A venue of substantial magnitude, which is only amplified by the darkness that has seemingly conquered its territory, engulfs the audience, numbing all senses at its outset, just to reignite an array of sensations as the exhibitions unfold. Isolated by its four surrounding walls, each installation emerges as a living, breathing entity, set apart from its counterparts not only by its unique technologically sophisticated structure, but also by the emotional response it ineluctably garners from its spectators. Here is a truly interactive performance of contemporary complexion, a place where the human psyche gets to experience and interact with technology on a radical scale. Ever since the dawn of mankind we have pursued intimacy and familiarity in one way or another, our strive for warmth driving us ever closer to the conception of the modern computer.

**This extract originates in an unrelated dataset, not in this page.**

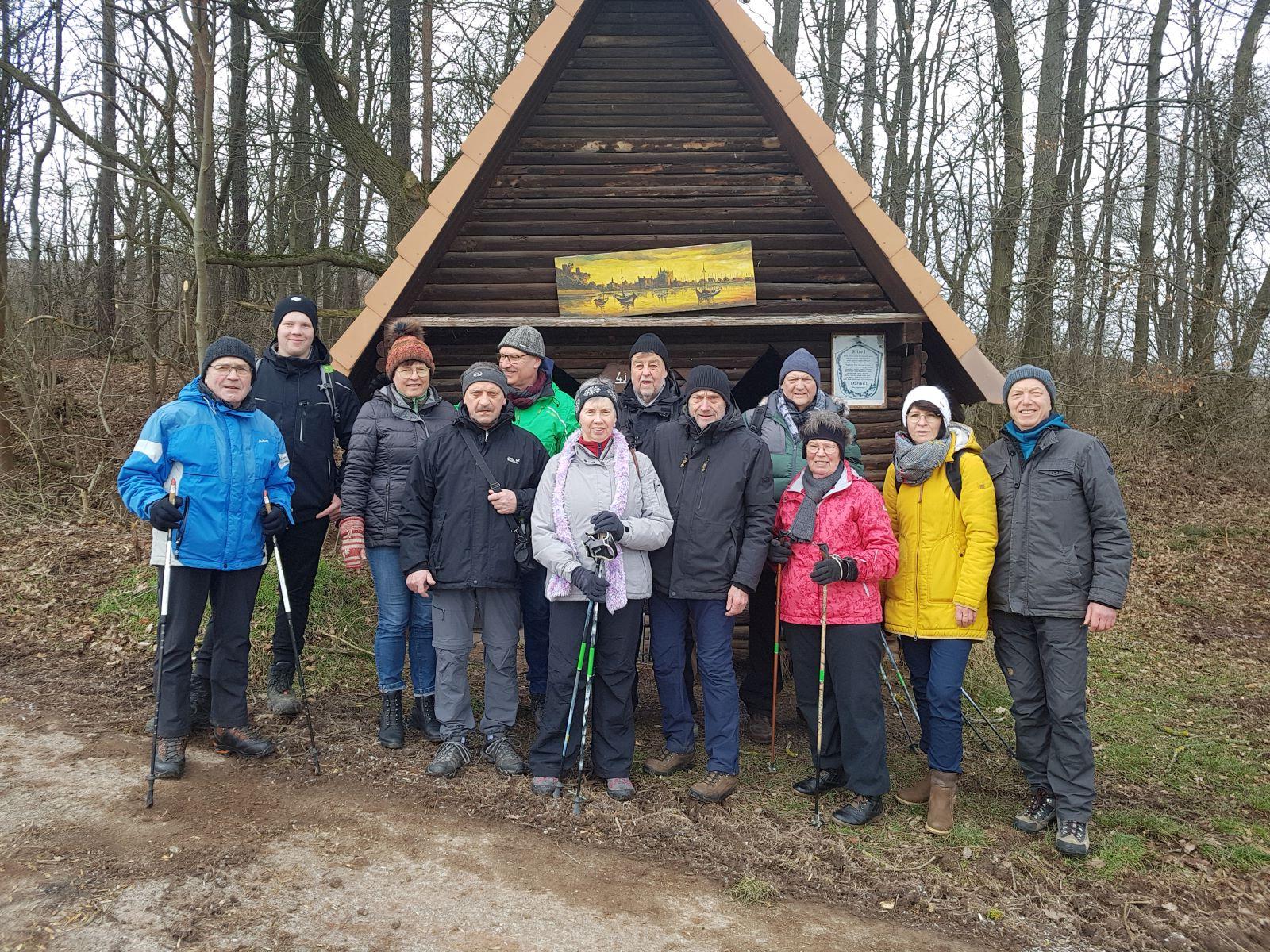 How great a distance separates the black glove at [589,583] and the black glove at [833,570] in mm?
906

Technological advancements have infiltrated our lives in unimaginable ways, and today we spend more time engaging with them on a daily basis than ever before. Somewhat romantic and slightly unnerving, this idea is explored throughout the entirety of DARK MATTER, and reaches its pinnacle in BONFIRE. A 5-meter tall, three-dimensional arrangement of 20,000 light points emerges as spectators walk towards what resembles a large bonfire set aflame while the audience gathers around it. The collective unconscious gazes in awe at the primitive image of one of the earliest forms of a social gathering, and despite it being far from the real thing, BONFIRE “kindles” our primordial itch for warmth and a sense of community. Mind-boggling, ironic, dizzying and at times unsettling,
DARK MATTER reinforces our symbiosis with technology by employing striking visual and auditory techniques, which in turn create a conceptual vacuum, a space where the spiritual, metaphysical and empirical exist as one in a complex, unfaltering love affair. These are the principles which are at the forefront of our existence, but by nature, we have always had a profound fascination with the unknown and the obscure. Contrary to the permanent exhibitions, a temporary spectacle titled “TENSOR” tackles this and other issues in a massive light show composed of 400 suspended lights, floating above the audience. Set against the backdrop of Bauder’s technologically savvy and visually engaging light performance and groundbreaking British musician Akiko Haruna’s striking electronic sound, the large-scale sculpture is a challenge for the senses. The 45-minute show begins around sunset and repeats continuously throughout the evening, prompting a truly alien experience for its spectators – a voyage through a strange world derived of human context and familiarity. While DARK MATTER encourages affinity and interconnection between humans and computers, TENSOR exploits the senses as a means to disrupt our equilibrium and biological rhythms. The body is left in an altered state of consciousness and dream-like confusion.
DARK MATTER encourages us to explore our relationship with technology in an age where we seem to be so innately interconnected with it, it’s almost impossible to put this notion into perspective. At its core, the exhibition serves as a parallel universe, a place where people of all ages and walks of life can interact with the digital world on an unprecedented scale.